The U.S. safety net has changed substantially in the past two decades. The role of direct cash assistance has diminished, while the Earned Income Tax Credit (EITC) has expanded. Traditional forms of non-cash assistance, such as Food Stamps, WIC, and Head Start comprise a larger share of the safety net than ever before.
Our Research Affiliates are finding that many non-cash programs make a substantive difference in families’ well-being, even if these programs do not increase families’ cash income. Research Affiliates also actively pursue research agendas that embrace a broader set of programs that assist low income groups, such as education and health care programs. Many of these programs have not traditionally been considered part of the safety net, but play a crucial role affecting poor families’ well-being.
Over the past 45 years, the United States has experienced a rising standard of living, with real GDP per capita more than doubling between 1959 and 2004. In contrast, living standards among some groups seem to have stagnated. Although a number of studies have documented a correlation between macroeconomic conditions and poverty, the relationship is not as simple, or as strong, as one might think. What additional factors can explain the starkly different trends in economic well-being that are measured by overall GDP growth and the poverty rate?
Center Executive Committee Member & Faculty Affiliate Michal Kurlaender and colleague Eric Grodsky have garnered a lot of attention, especially in light of the recent Supreme Court Ruling on affirmative action in Fisher v. University of Texas. This paper is forthcoming in Sociology of Education.
A large body of literature evaluates the extent to which the Supplemental Program for Women Infants and Children (WIC) has accomplished the goal of improving nutritional well-being and health of low income families, but most studies have been based on research designs that compare program participants to non-participants. If selection into these programs is non-random, then such comparisons will lead to biased estimates of the program’s true effects. In this study, investigators use the rollout of the WIC program across counties to estimate the impact of the program on infant health.
School voucher programs have become increasingly widespread in recent years. These programs aim to expand choice for families: Proponents of voucher programs often argue that they will help the most disadvantaged children, allowing them the opportunity to exit unsafe and underperforming schools.
Head Start is a federally funded early childhood educational intervention program designed to reduce disparities in preschool outcomes. While a recent impact study may indicate that Head Start is ineffective, our Research Affiliates are investigating further to assess whether the program’s long-term effects improve the life chances of participants.
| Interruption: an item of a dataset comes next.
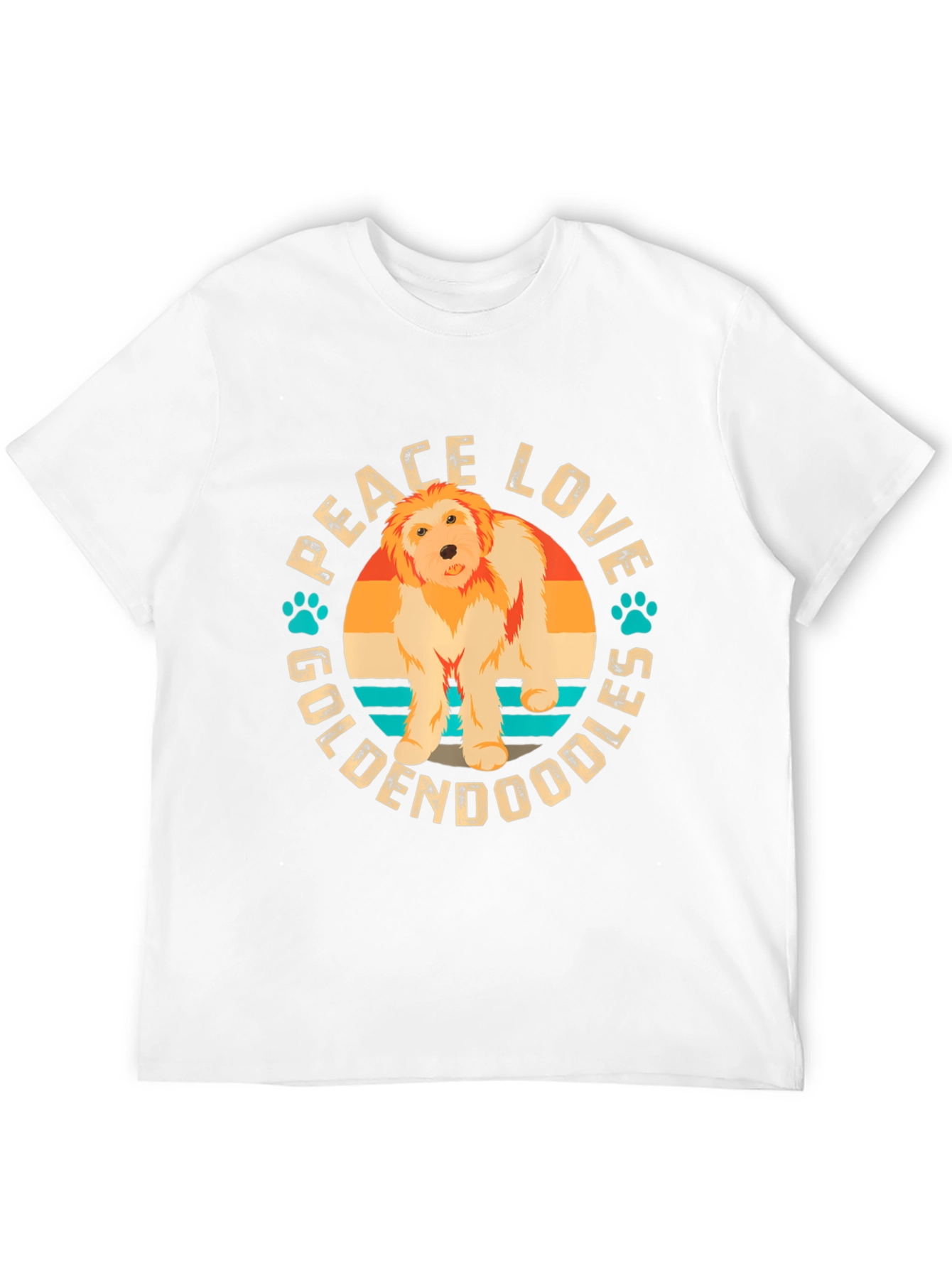 Peace Love Goldendoodles T-Shirt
This project evaluates the health impacts of a signature initiative of the War on Poverty: the introduction of the modern Food Stamp Program (FSP). The literature is far from settled as to what casual impact (if any) the FSP has on nutrition and health. Research Affiliate Hilary Hoynes explores the impact of the FSP, one of the largest antipoverty programs in the United States (comparable in cost to the earned income tax credit and substantially larger than Temporary Assistance to Needy Families program) in an attempt to understand FSP effects. While valuable in its own right, this project also reveals much about the relationship between income and health.
The 1996 welfare reform led to sweeping changes to the central cash safety net program for families with children. Along with other changes, the reform imposed lifetime time limits for receipt of cash welfare, effectively ending its entitlement nature for these families. Despite dire predictions, previous research has shown that program caseloads declined and employment increased, with no detectible increase in poverty or worsening of child well-being. Research Affiliate Hilary Hoynes reevaluates these results in light of the severe 2007–09 recession.
A central question in public finance, one that has generated decades of research, is how tax and transfer programs affect labor supply. Treating food stamp benefits as an income transfer, Research Affiliate Hilary Hoynes uses a quasi-experimental approach to estimate the impact of the program on labor supply.